Here's the observed result:
- The next question is, where is the seeding coming from, or where is the 'sink' from the Holmes et al 'sink-source' model? Smith and colleagues found that globally, the evolution of the viruses are pretty homogeneous, such that they can actually chart a time-course in the antigenic changes. Using the average global antigenic evolutionary path as the standard (or 'spline') they then mapped the deviation from this standard for each country.
In the following chart, the line down the center represents the global average in antigenic change. Countries with sequences that change ahead of (ie earlier in time than) the global average gets a mark on the right. Those that lag behind are marked to the left. This chart in effect traces the pattern of virus seeding, from one country or region to another.

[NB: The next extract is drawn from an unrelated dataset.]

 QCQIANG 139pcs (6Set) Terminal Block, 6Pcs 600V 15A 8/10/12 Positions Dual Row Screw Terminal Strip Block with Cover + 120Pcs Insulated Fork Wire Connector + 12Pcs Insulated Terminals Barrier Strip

In general, they found that the earliest antigenic changes occur in populations in E and SE Asia, followed by N America, Europe, Oceania, then S America. This pattern is interesting because if climate is the only determinant, then one should see other tropical or subtropical regions eg in S America being seeded early, in addition to E&SE Asia. But that is not what we are observing - S America is clearly trailing behind.
- They also found that while there is circulation between different countries within Asia, re-seeding from outside rarely occurs, ie the seeding of countries outside of the E&SE Asia network of countries is more-or-less a one-way street. The authors suggest this may be explained by the pattern of global travel.
E-SE Asia's strong travel and trade connections to Oceania, North America, and Europe (14, 37) facilitate the rapid movement of new influenza virus variants into those areas and thus explain the relatively small lag in antigenic and genetic advancement seen in those regions (Fig. 2, A and B). Also, though it is unclear how much travel there must be between two locations for them to be epidemiologically well-connected, South America's 6- to 9-month antigenic lag (Fig. 2A) may be attributable to its paucity of direct connections with E-SE Asia (fig. S5). South America's strong travel connections to Europe and North America, but not to E-SE Asia, could result in a seeding hierarchy where strains are first seeded into North America and Europe and from there to South America (Fig. 5).
If this model is an accurate representation, and antigenic changes consistently occur in E-SE Asia ahead of everywhere else, then seed strain selection for the seasonal flu vaccine may be much improved by using surveillance data from Asia.